Issue: July/Sept 2010


Taking stock

Can part of the savings and some of the savers in the informal sector be meshed into the formal? Can it help with retirement provision? Lise Pretorius asked key players on both sides. Maybe, they answer.

In a 2007 report, perhaps the most reliable to date, Old Mutual estimated that the value of savings circulating outside the formal institutions had grown to R33bn. Most of this “grey money” is in stokvels.

By SA standards, the agglomerated amount equates the size of a pretty large pension fund. It indicates that household savings are not quite as bad as official figures suggest, and also begs the question of whether stokvels can play a role in retirement savings.

A stokvel is an informal “institution of the people”, a means for individuals in a community to pool their savings. Community members agree amongst themselves what each person will contribute weekly, fortnightly or monthly. Withdrawals are then made for members in rotation, according to the rules of the particular stokvel.

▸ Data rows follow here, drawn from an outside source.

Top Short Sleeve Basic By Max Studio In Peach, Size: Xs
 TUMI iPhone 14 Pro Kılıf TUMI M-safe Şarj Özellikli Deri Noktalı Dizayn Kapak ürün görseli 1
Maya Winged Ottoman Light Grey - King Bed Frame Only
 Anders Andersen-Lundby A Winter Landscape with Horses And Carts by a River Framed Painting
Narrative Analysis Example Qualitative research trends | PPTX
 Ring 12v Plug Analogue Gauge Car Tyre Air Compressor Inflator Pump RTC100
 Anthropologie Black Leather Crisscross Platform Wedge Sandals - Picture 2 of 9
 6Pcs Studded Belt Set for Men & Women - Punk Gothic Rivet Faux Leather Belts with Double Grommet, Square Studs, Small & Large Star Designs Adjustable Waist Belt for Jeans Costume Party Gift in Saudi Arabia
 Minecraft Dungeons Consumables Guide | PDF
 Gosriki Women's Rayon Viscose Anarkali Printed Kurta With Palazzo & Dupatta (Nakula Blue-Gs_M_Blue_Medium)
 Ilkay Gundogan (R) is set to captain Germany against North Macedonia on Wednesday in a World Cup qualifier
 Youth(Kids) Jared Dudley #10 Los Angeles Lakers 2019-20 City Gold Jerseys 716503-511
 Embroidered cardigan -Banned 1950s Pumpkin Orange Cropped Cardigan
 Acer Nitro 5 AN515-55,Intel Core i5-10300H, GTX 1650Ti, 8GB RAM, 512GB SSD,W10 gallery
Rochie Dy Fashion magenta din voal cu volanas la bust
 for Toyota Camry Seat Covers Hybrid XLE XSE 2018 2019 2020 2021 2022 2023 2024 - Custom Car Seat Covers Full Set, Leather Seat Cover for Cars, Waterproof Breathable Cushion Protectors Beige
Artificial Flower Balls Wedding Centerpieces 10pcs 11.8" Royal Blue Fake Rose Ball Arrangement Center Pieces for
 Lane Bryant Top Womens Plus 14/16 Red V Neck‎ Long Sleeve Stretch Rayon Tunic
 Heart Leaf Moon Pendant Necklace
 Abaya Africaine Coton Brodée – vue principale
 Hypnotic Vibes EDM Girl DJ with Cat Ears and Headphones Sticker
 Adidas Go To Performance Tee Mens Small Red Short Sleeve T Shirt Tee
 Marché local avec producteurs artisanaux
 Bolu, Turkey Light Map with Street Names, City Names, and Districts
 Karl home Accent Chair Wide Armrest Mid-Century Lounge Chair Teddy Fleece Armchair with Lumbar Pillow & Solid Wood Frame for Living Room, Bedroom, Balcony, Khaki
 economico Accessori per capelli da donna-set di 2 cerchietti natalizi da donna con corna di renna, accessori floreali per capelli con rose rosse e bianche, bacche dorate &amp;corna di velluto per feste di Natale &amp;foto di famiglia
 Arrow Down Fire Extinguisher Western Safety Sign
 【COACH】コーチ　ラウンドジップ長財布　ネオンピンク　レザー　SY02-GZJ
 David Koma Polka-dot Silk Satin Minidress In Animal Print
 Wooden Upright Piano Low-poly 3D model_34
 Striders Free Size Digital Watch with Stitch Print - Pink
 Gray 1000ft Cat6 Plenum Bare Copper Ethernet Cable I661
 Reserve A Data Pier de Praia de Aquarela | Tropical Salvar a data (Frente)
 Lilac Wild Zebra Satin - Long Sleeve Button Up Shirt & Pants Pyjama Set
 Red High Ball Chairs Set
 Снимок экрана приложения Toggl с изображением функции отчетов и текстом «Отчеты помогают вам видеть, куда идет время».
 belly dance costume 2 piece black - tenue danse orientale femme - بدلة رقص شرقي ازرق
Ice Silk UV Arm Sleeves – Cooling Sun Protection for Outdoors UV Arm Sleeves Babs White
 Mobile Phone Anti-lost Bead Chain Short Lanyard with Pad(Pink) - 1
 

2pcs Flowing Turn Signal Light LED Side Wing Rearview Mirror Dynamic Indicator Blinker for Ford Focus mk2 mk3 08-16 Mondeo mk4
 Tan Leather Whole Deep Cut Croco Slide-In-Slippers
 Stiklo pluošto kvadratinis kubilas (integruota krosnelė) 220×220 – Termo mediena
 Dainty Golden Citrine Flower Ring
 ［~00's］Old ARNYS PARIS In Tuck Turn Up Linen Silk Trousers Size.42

The structure is determined by its purpose; from a simple savings scheme, to acquisition of assets, to investment and bridging finance. The savings are accumulated for a variety of possible purposes; from helping with such emergencies as funeral expenses to buying consumer items (where possible, to benefit from bulk pricing).

Andrew Lukhele, founder-president of the National Stokvels Association, explains: “Over the years, stokvels have been used to address people’s needs in ways not offered by the formal sector.”

Stokvels are based on family or community relationships and regulated by an underlying ubuntu, a classically African philosophy expressing community allegiances and values. Their reliance is on honour and trust, not laws and contracts as in the formal financial sector. They’re voluntary associations for self-help financial support, independent of the state and long preceding even the birth of micro-finance organisations.

According to a study at UCT’s Unilever Institute of Strategic Marketing, seven years ago over 2,5m South Africans were members of a stokvel. Not allowing for overlap, that’s about a quarter of the number who’re members of retirement funds. There are important differences between the two means of saving, but there are similarities too.

Retirement funds typically rely on fixed contributions from members in formal employment. They’re long-term investment schemes. They’re subject to specific legislation, regulation and tax treatment.

But stokvels, despite their long lives, do not have long-term investment horizons. “The purpose of the money is short-term,” points out Peter Dempsey, deputy chief executive of the Association of Savings & Investment SA. “They use banks to deposit the savings that they withdraw over relatively short periods, and some of the more sophisticated might go into unit trusts that are highly liquid. The investment instruments are not long-term but used to provide for consumption and asset acquisition.”

Because of the essential link between retirement funds and formal employment, Lukhele questions the meaning of ‘retirement’ itself: “Many South Africans haven’t worked in the formal sector, and won’t reach what it defines as a ‘retirement age’, so it’s difficult to see how stokvels and retirement funds can interface.”

There are also many amongst the poor, he notes, who can’t or don’t access social grants. Moreover, for decades the informal sector has had its own mechanisms for looking after the aged.

He adds: “You can be accepted as a stokvel member at any stage. If your contributions come from formal employment, a state grant, or selling tomatoes on the roadside, a stokvel doesn’t discriminate. People who were formally employed can still contribute to a stokvel after retirement. The community acceptance and involvement guarantees them a level of dignity.”

Back to Dempsey: “Bringing stokvels in to the formal retirement-fund space will require recognition that the existing models can’t be applied. We’d need flexibility and creativity.”

It’ll require adaptation by stokvels to long-term goals. “There is clearly a discipline of regular saving, so one way could be for younger members to put away part of the stokvel income to provide for older members. Stokvels already save for such events as funerals. Perhaps they could also save for such events as retirement or old age.”

A lot has to do with financial education, believes Lukhele: “Since 1994 there have been many opportunities for stokvels to graduate to cooperatives or cooperative banks, but there is a need to educate people about these opportunities and the choices available. Communities are comfortable with stokvels because they’ve been with us for generations.”

Current proposals to introduce a compulsory national retirement savings fund open a door for stokvels to move into this space, says Dempsey, creating opportunity for stokvels to engage with government and become part of the formal process.

Lukhele maintains that it doesn’t have to be one or the other: “There will always be stokvels. At the same time, as stokvels transcend various living standards, those who want to take advantage of the opportunities that come with the new government and business thinking should be afforded those opportunities.”